Journal Journal: The fraudulent fraud squad

http://www.dallasnews.com/sharedcontent/dws/dn/opinion/points/stories/DN-hasen_10edi.ART.State.Edition1.436da28.html

Richard Hasen: The fraudulent fraud squad

The case of the incredible, disappearing American Center for Voting Rights

03:49 PM CDT on Sunday, June 10, 2007

Imagine that the National Rifle Association's Web site suddenly disappeared, along with all the data and reports the group had ever posted on gun issues. Imagine that Planned Parenthood inexplicably closed its doors one day, without comment from its former leaders. The scenarios are unthinkable, given how established these groups are. But even if something did happen to either, no doubt other gun or abortion groups would quickly fill the vacuum.

Not so for the American Center for Voting Rights, which has vanished with no notice, little comment and with no apparent replacement. This operation - the only prominent nongovernmental organization claiming that voter fraud is a major problem - simply stopped appearing at government panels and conferences sometime late last year.

Its Web domain name has expired, its reports are all gone (except where they have been preserved by its opponents), and its general counsel, Mark Hearne, has cleansed his résumé of his affiliation. He also won't speak to the press about the group's demise.

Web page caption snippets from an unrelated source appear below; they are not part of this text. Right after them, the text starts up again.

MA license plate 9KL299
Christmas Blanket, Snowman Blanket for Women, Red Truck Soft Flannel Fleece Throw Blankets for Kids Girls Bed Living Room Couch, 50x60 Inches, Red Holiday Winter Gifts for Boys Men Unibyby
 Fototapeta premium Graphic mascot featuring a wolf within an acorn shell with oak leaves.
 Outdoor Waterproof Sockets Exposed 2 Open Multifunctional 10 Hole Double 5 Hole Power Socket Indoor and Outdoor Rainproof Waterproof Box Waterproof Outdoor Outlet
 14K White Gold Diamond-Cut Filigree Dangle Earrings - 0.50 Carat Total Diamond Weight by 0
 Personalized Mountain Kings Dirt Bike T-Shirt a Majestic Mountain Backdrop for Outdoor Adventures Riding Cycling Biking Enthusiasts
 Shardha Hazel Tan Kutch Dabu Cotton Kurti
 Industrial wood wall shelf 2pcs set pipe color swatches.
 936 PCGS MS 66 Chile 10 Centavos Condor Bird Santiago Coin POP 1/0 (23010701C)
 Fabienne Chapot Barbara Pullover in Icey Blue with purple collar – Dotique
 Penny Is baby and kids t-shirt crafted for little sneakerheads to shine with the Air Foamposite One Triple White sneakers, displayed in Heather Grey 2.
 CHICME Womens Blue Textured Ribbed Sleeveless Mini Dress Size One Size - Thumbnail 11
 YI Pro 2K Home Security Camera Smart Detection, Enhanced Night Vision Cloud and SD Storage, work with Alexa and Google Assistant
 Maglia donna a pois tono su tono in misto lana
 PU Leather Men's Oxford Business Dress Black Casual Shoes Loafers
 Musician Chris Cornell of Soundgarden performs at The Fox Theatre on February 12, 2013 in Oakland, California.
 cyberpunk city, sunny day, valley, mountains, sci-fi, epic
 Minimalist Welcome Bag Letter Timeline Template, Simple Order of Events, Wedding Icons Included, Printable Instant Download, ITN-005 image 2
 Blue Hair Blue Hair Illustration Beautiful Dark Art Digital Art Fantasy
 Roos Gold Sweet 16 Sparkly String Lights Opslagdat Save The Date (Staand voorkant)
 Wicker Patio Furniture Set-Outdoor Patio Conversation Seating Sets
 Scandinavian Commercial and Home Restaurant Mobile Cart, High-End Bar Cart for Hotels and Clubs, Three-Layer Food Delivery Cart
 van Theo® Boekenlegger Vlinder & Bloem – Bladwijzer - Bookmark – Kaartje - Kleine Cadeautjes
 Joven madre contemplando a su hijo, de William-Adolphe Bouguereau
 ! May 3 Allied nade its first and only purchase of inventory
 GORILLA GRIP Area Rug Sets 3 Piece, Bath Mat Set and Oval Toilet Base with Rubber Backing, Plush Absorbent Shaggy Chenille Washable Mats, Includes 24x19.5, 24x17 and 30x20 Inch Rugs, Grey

Its life and death says a lot about the Karl Rove-led Republican strategy of raising voter fraud as a crisis in American elections. One part of the attack, at the heart of the Justice Department scandals, involved getting U.S. attorneys in battleground states to vigorously prosecute cases of voter fraud. After exhaustive effort, Justice discovered virtually no polling-place voter fraud, and its efforts to fire U.S. attorneys who did not push the voter-fraud line enough has backfired.

But the second prong of this attack may have proven more successful. This involved using the American Center for Voting Rights to give "think tank" cachet to the unproven idea that voter fraud is a major problem. The center's work was used to support the passage of onerous voter-identification laws that depress turnout among the poor, minorities and the elderly - groups more likely to vote Democratic.

The short organizational history of the center, chronicled indefatigably by Brad Friedman of the Brad Blog, shows that the group was founded in March 2005, just days before its representatives testified at a congressional hearing on election-administration issues chaired by then-Rep. (and now federal inmate) Bob Ney. The group was headed by Mr. Hearne, national election counsel to Bush-Cheney '04, and staffed with other Republican operatives, including Jim Dyke, a former RNC communications director.

Consisting of little more than a post-office box and some staffers who wrote reports and gave helpful quotes about the pervasive problem to the press, the group identified Democratic cities as hot spots for voter fraud, then pushed the argument that "election integrity" required making it harder for people to vote.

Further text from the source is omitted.